Entity Relationship Diagram. How does the IS A relationship translate into tables?

Brad Thiessen picture Brad Thiessen · Sep 24, 2013 · Viewed 52.8k times · Source

My drawing of a simple ER diagram

I was simply wondering, how an ISA relationship in an ER diagram would translate into tables in a database.

Would there be 3 tables? One for person, one for student, and one for Teacher?

Or would there be 2 tables? One for student, and one for teacher, with each entity having the attributes of person + their own?

Or would there be one table with all 4 attributes and some of the squares in the table being null depending on whether it was a student or teacher in the row?
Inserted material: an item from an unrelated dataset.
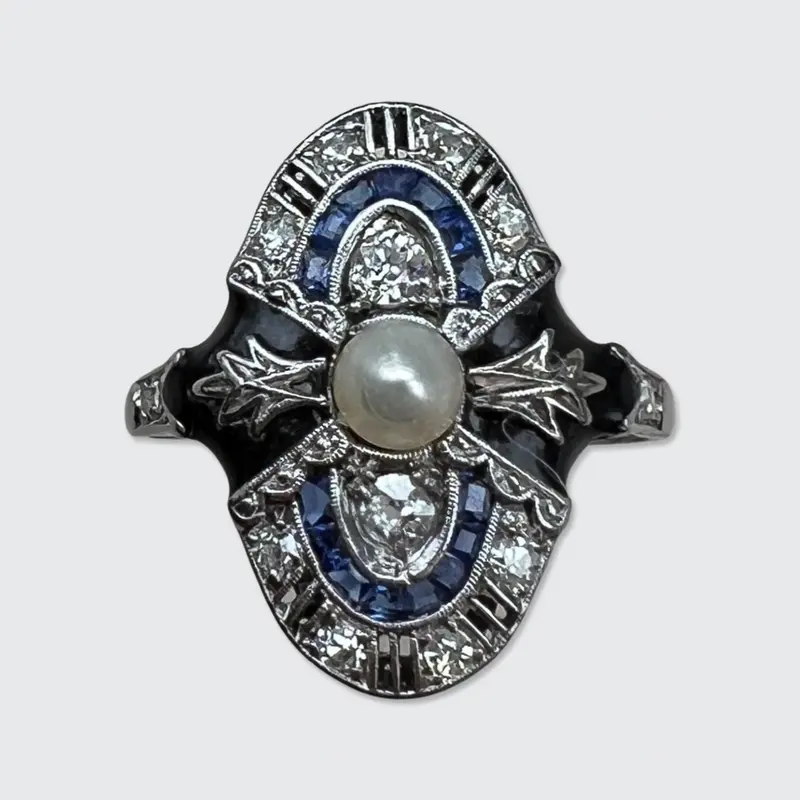 Art Deco Enamel, Sapphire & Diamond Ring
NOTE: I forgot to add this, but there is full coverage for the ISA relationship, so a person must be either a studen or a teacher.

Answer

Marco Bonzanini picture Marco Bonzanini · Oct 8, 2013

Assuming the relationship is mandatory (as you said, a person has to be a student or a teacher) and disjoint (a person is either a student or a teacher, but not both), the best solution is with 2 tables, one for students and one for teachers.

If the participation is instead optional (which is not your case, but let's put it for completeness), then the 3 tables option is the way to go, with a Person(PersonID, Name) table and then the two other tables which will reference the Person table, e.g. Student(PersonID, GPA), with PersonID being PK and FK referencing Person(PersonID).

The 1 table option is probably not the best way here, and it will produce several records with null values (if a person is a student, the teacher-only attributes will be null and vice-versa).

If the disjointness is different, then it's a different story.